You would think that because I had been in love before, this time around, I would know how little it really solves. But the beginning of every great romance is so majestic, so consuming, and so beautiful that even though you know it’s not going to fix everything, you often have a hard time remembering what your problems were before. I’ve been dating Mr. Dreamboat for ten months now and been in love for most of it. But it’s also been long enough for me to stop floating around on air and to realize that the rest of my complicated messy life still exists. Falling in love didn’t make all of that go away. And so now that I can feel my feet firmly back on the ground, I need to take the bull by the horns and figure out the rest of my life instead of ignoring my inevitable and welcome responsibilities. And perhaps, I’ve been putting this off for a while. Facing it, means facing dissatisfaction with myself and my life at this stage of the game. And that’s making me really frustrated. And also kind of hate the world. I know what I have to do, but sometimes it feels like so much work, it seems easier to put it all off and stay depressive. I mean, if he really loves me, won’t he just go with Roquefort?

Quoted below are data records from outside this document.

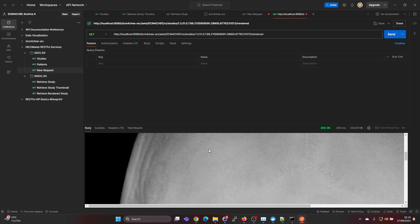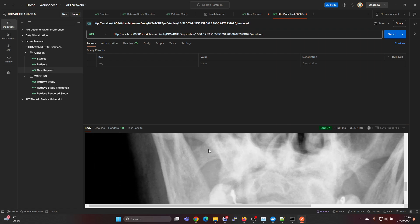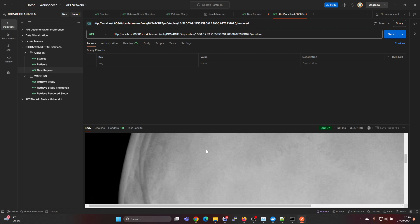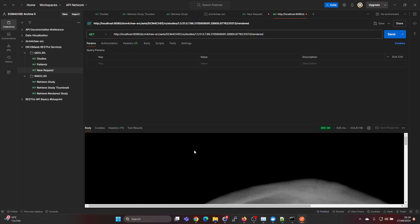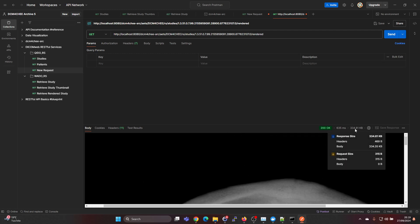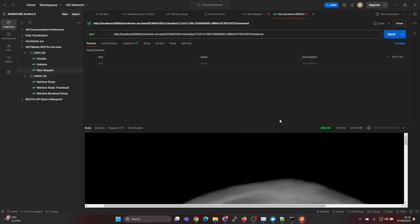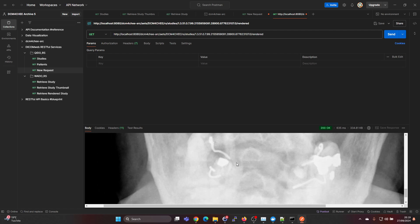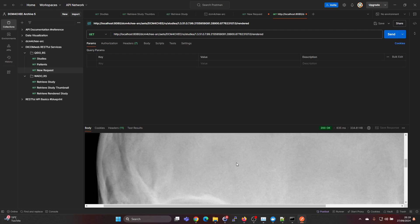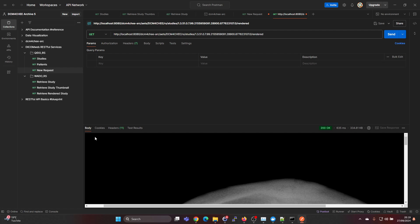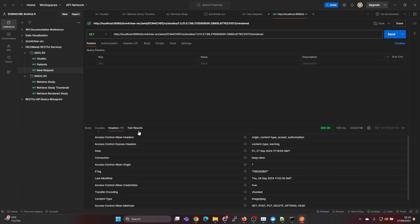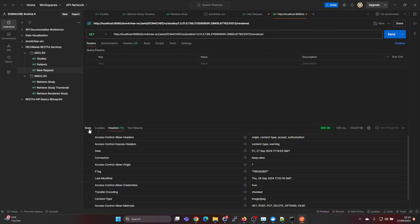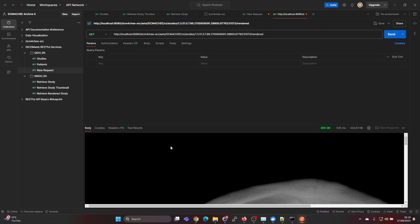Now we're actually getting the study in JPEG format and it's 334 kilobytes. It's actually rendering it in the DICOM archive on the backend side and then we get this result here.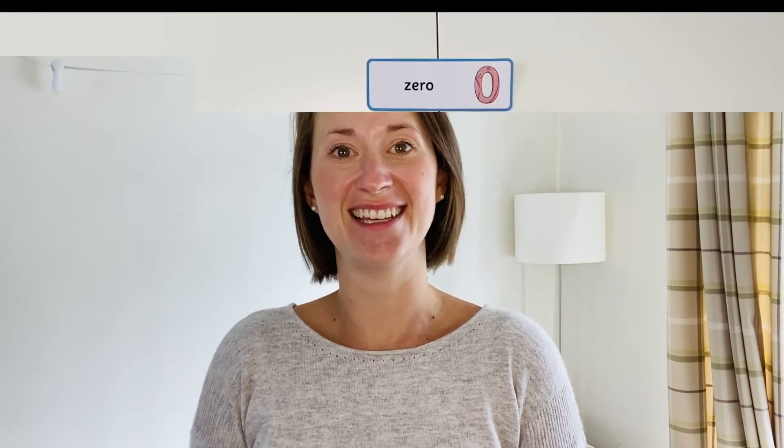Hi, I'm Helen from Twinkle. I'm going to show you today how to use some of our mathematical word cards and flashcards off our website. From number, to shape, to space, to measure, to data handling and more, we've got you covered. Let's take a look.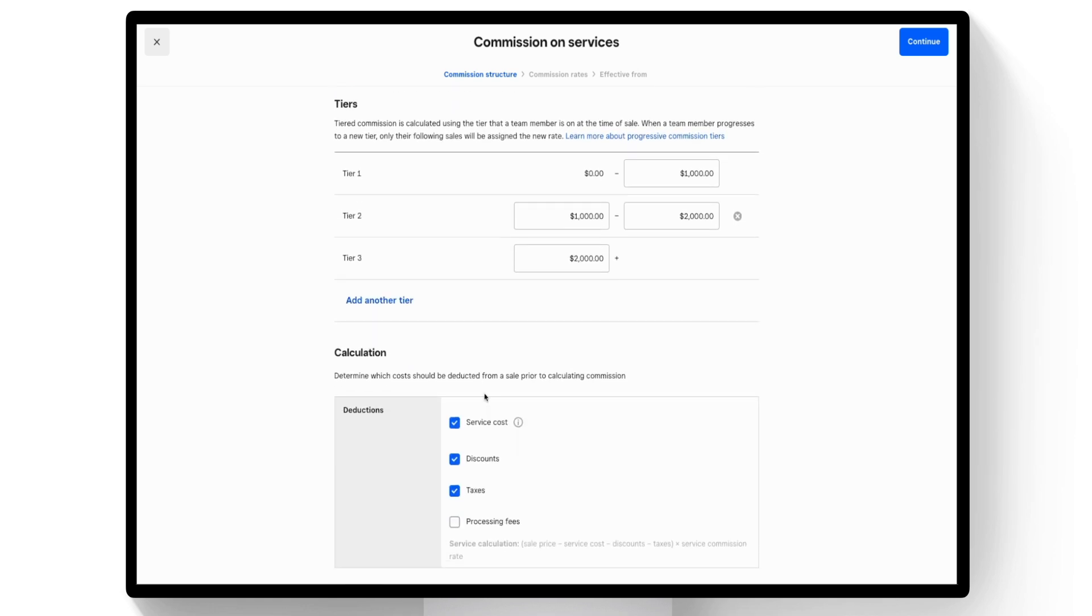You'll also want to select any cost that you'd like to be deducted from a sale prior to calculating commission, then select Continue.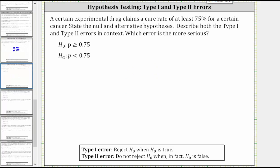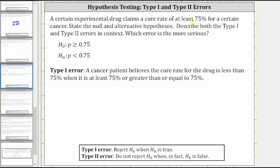Now let's determine the type one and type two errors. In this context, the type one error is a decision to reject the null hypothesis that P is greater than or equal to 0.75 when the null hypothesis is true. This means the type one error is a cancer patient believes the cure rate for the drug is less than 75% when it is actually at least 75%.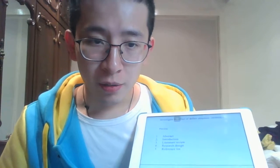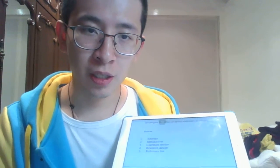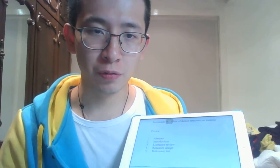Hello everyone, my name is Kevin. I major in material engineering and today I want to introduce my research to you.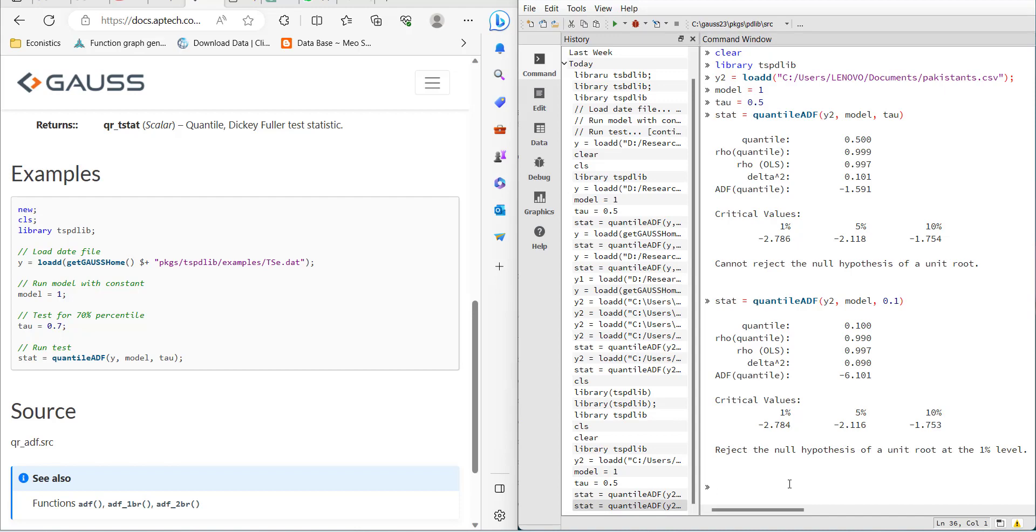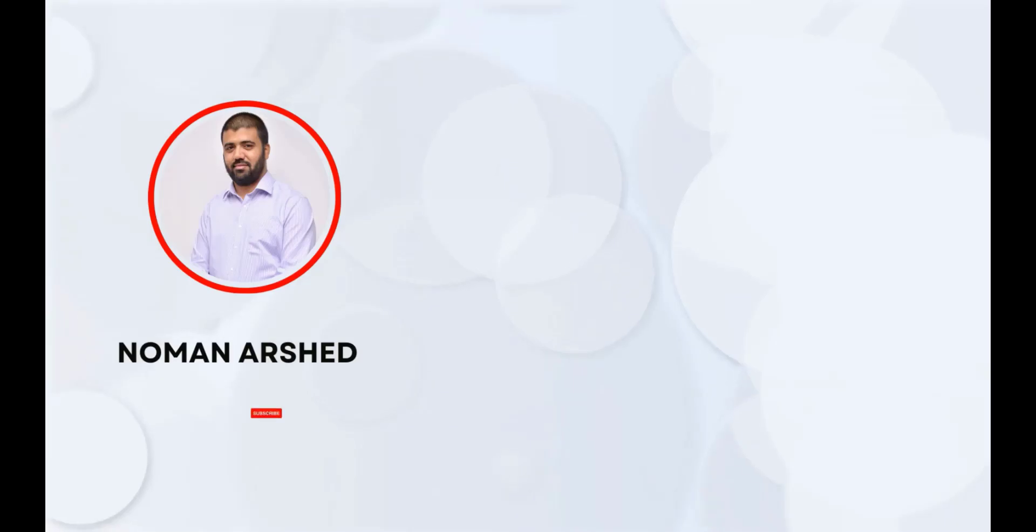You can add a horizontal line for the critical value, draw a graph, and show at which quantiles the series is stationary and at which it is not. This is how you can do the quantile-based ADF unit root test in GAUSS. Thank you very much for watching.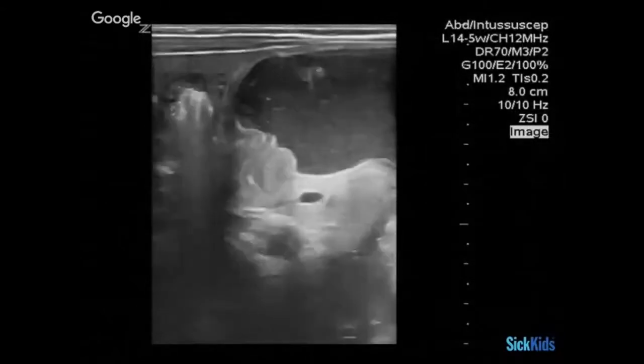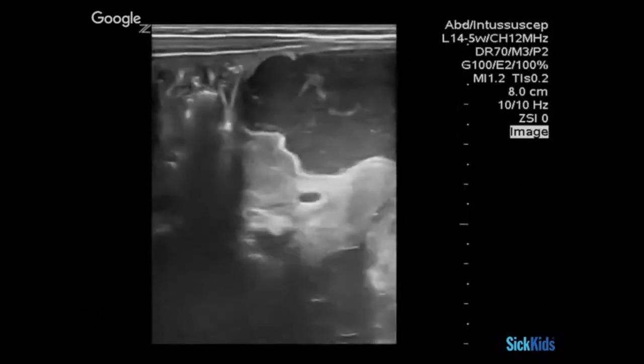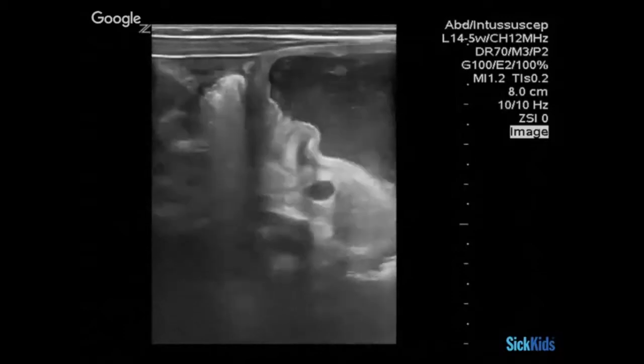Here's a nice sign that gives away pyloric stenosis — does anybody know the name of this sign? This is called the nipple sign, because you actually see the muscle pushing back into the stomach. It's a giveaway that the muscle is definitely enlarged and obstructing. You see it kind of pushing back into the stomach.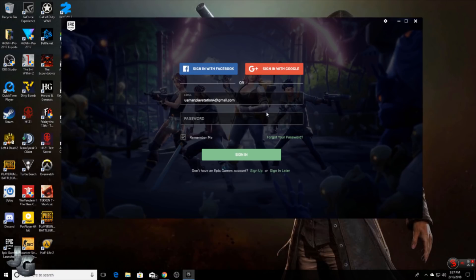Next I'm going to sign in to the Epic Games launcher and play Fortnite on PC to show you guys that my PlayStation stats carry over to PC.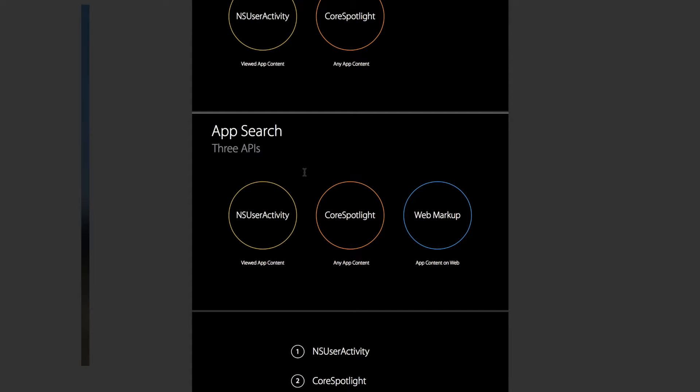In this video, I want to talk about a new technology in iOS 9 that lets your app and your website populate Apple's Spotlight Search with information that deep links directly into your website or into your app.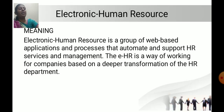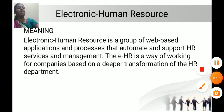Electronic Human Resource — Electronic Human Resource is a group of web-based applications and processes that automate and support HR services and management. E-HRM is a way of working for a company based on the deeper transformation of the HR department.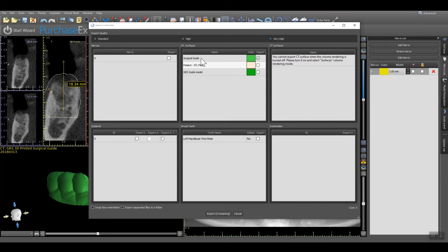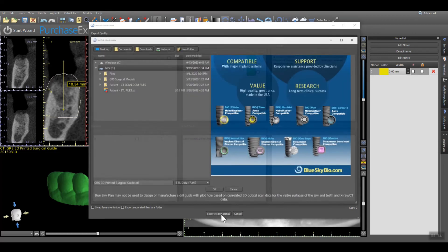However, to confirm the physical fit of the surgical guide and to confirm drill depth and orientation, it is highly recommended to 3D print a GRS model as well. Additional videos demonstrating how to create a GRS model using BlueSkyPlan along with the benefits for using a GRS model can be found at GRSGuidesystem.com.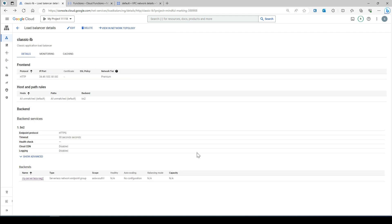In the next video I'm going to show you Private Service Connect — what it is and how it is useful to expose your service from one project to another without creating VPC peering between the two networks. You only expose the specific service consumable by clients. You can also use Private Service Connect to access Google APIs like Cloud SQL or Cloud Storage within the Google internal network without going over the internet. If you have any questions, feel free to let me know. Please subscribe, like, and share the channel. Thank you and have a great day.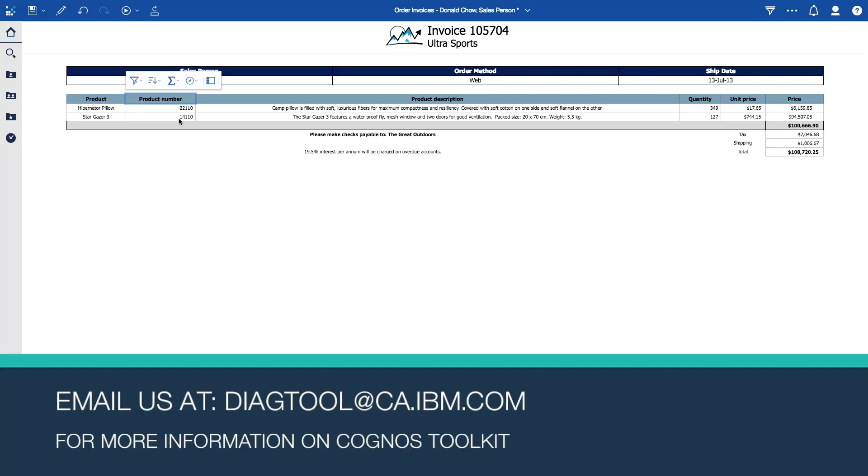Thanks very much for watching this video. For more Cognos Toolkit demos, please check out the other feature videos in the Cognos Toolkit how-to series. If you'd like to hear more about Cognos Toolkit, please check the links below or reach out to us at diagtool at ca.ibm.com. Thanks very much.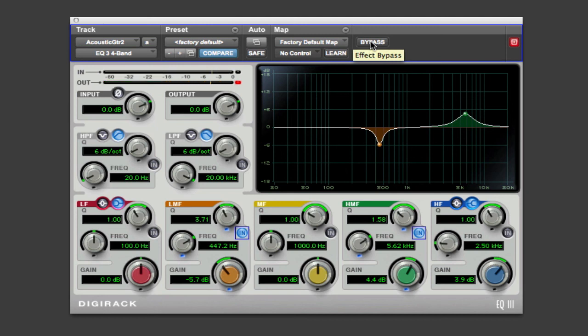Now it may take some practice to hear some of these changes. Some of it's fairly subtle. Just spend a lot of time. Try different tracks. Troll the knobs around to get a feel for what they do.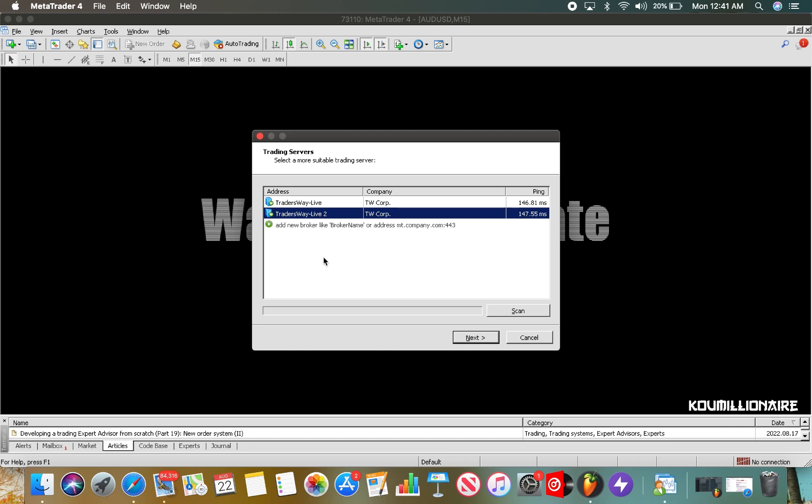For example, if you're supposed to connect to Traders Way Live 2 and you select Traders Way Live, it's not gonna work. This is why you'll see no connection or invalid account down here. So I'm gonna go ahead and log in and show y'all real quick.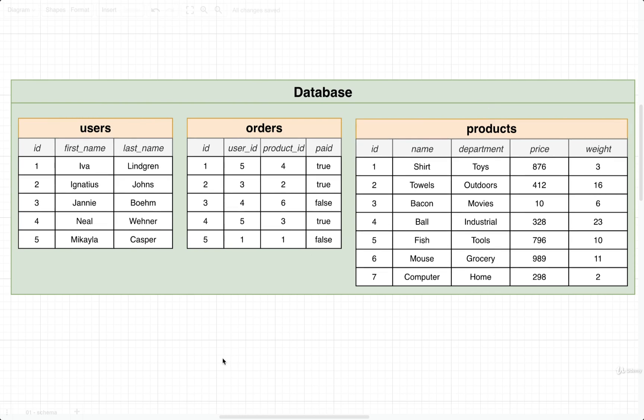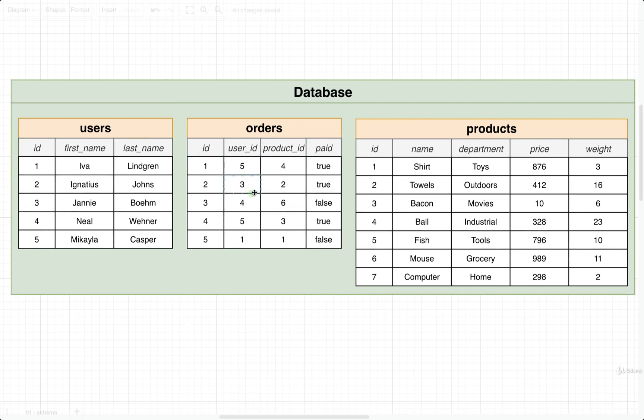One thing that we're going to investigate is the relationship between users and products. You're going to learn that this is a many-to-many relationship. One user can have many products, and one product can have many users. We are modeling that relationship by using the orders table. We would refer to this table in this case as a join table.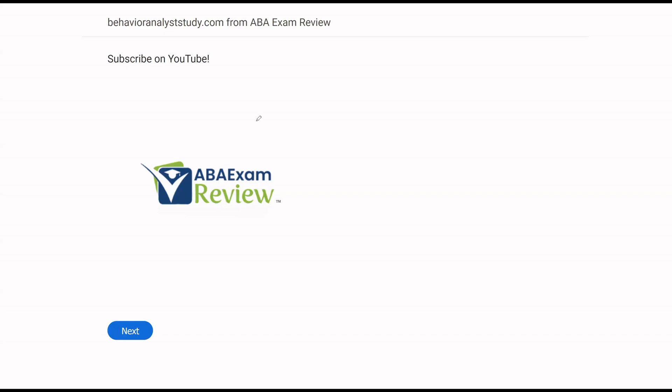All right, welcome back to ABA Exam Review and the continuation of our BCBA practice exam series where we're going through another set of questions together and breaking them down. If you're new to the channel, welcome. If you're returning, welcome back. Please like, subscribe, share. Check out BehaviorAnalystStudy.com for all of our study materials, including our combo pack. When you pass, let us know so we can include you in the Sunday shout out. Work hard, study hard. Let's get going.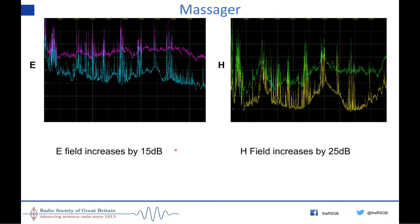I have a little electronic massager — when you turn it on the background noise jumps up about 20 dB on the E-field, even without being very close to it. The H-field is different, and the H-field trace is the superposition of all my VDSL problems plus the massager.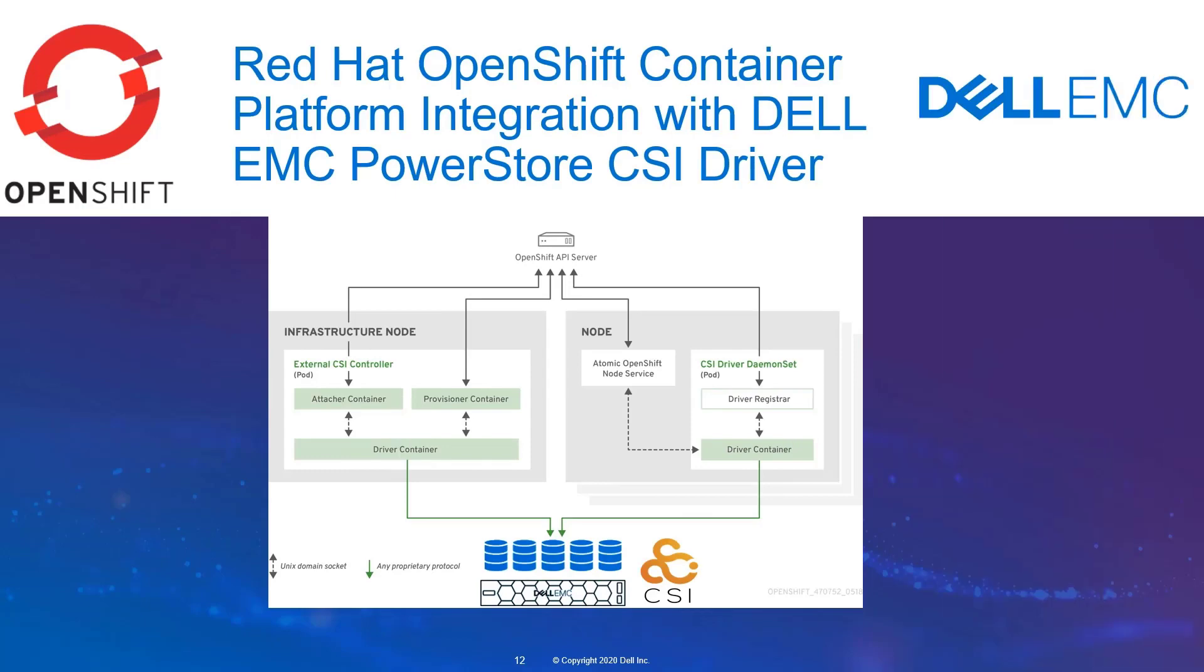Hi, I'm Toman Homie from Dell EMC. This video will show the steps involved in installing the Dell EMC PowerStore CSI driver on Red Hat OpenShift platform and deploying persistent cloud-native applications on top of it.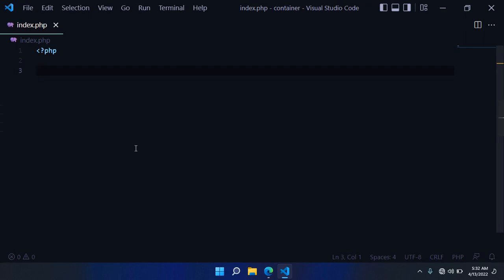This is CodeOdd and in this tutorial I want to show you how to use the Reflection API in PHP. When we talk about reflection in computer science, we talk about the ability of a program to inspect and change its code at runtime.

But alas, I know it’s time to end my self-pitying. I’m getting sworn into the CA State Bar today and I’ll complete my yoga teacher training certification next week. I will officially not be a student of anything for the first time in a while. It’s time to kick my life into high gear. And although love hasn’t made that fact go away, I’m hoping that maybe it will make it a little easier for me to find what I am looking for.